Photo credit: Adriel Olmos, Scientific Adventures for Girls
According to Bay Area rocket scientist, toy maker, industrial designer, and educator Anne Mayoral, “Building confidence and having a positive experience when trying new things is essential in promoting a love of learning and intellectual exploration.” Anne, who first used Lectrokits (21st century notebooks) while teaching at the after-school and summer camp program Scientific Adventures for Girls found the activity templates to “..hit the sweet spot of learning. They take the out the mystery but keep the magic of building a circuit.”
At the center of all of Anne’s work is a desire to help people connect with their own curiosity and reasoning around science and technology. As both a designer and educator, she aims to facilitate the kind of thinking that pioneering inventors do, which she describes as “moving away from the blind trust one gets from reading the answers in a book and finding your own.” In her work with the toy company Wild Planet this translates into making accessible robotics kits. As an industrial designer, she used this idea to custom build a STEM oriented Rube Golderberg-esque miniature golf course for the restaurant Urban Putt. And in education, this means introducing accessible and mind-blowingly fun STEM projects at programs like Scientific Adventures for Girls.
Running just a little over two years, Scientific Adventures for Girls was launched to attract elementary school girls to STEM thinking through accessible hands-on interactive projects. Working out of the Oakland hackerspace “Curiosity Hacked,” the program piloted with fourteen Pearl Elementary School girls who met weekly to get a taste of the fun side of STEM. With projects such as marble runs, dancing Oobleck, Archimededian Screws, and paper circuits Anne focuses on getting the girls “into all things STEM, without getting bogged down in book learning or memorization.”
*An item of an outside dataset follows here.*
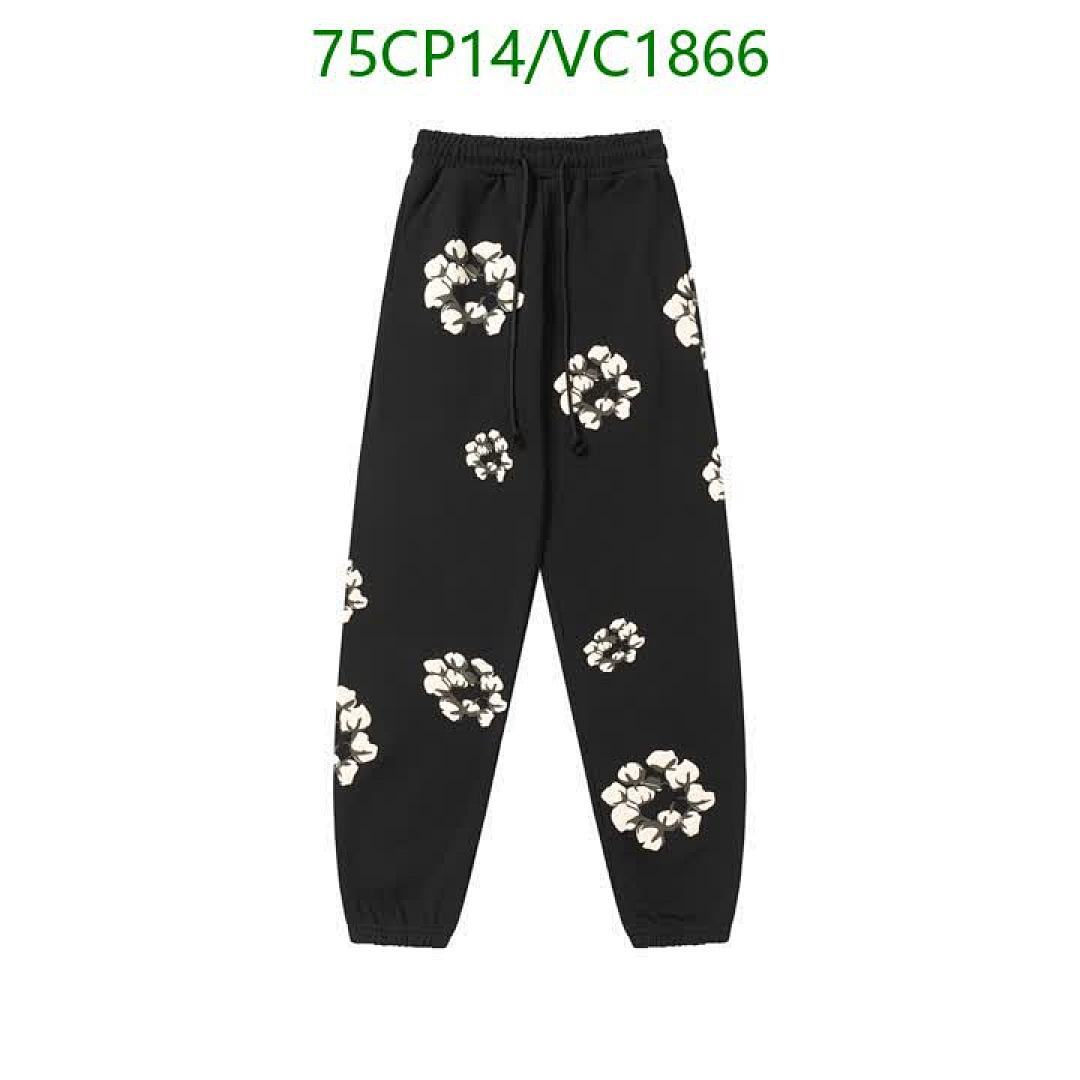 DENIM TEARS-Clothing Code: VC1866 $: 75USD-Yupoo.ru - Copybrand.Team photo album DENIM TEARS-Clothing Code: VC1866 $: 75USD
Photo credit: Adriel Olmos, Scientific Adventures for Girls
Before working with 21c Notebooking, Anne had done a paper circuits greeting card project but had found that it was a bit more difficult to execute than she had imagined. “There are some skills that need to be built into the lesson before you can execute a circuit correctly.” Aiming to design a learning experience that her students would succeed at, Anne started using some of the resource templates created by CV2 and NEXMAP – simple parallel circuit with a low profile 3V battery with tabs and a set of clip leads. “There’s really a sweet spot to helping somebody learn the process but still feel like they’re doing something cool. When I saw template I thought, this is going to be great.”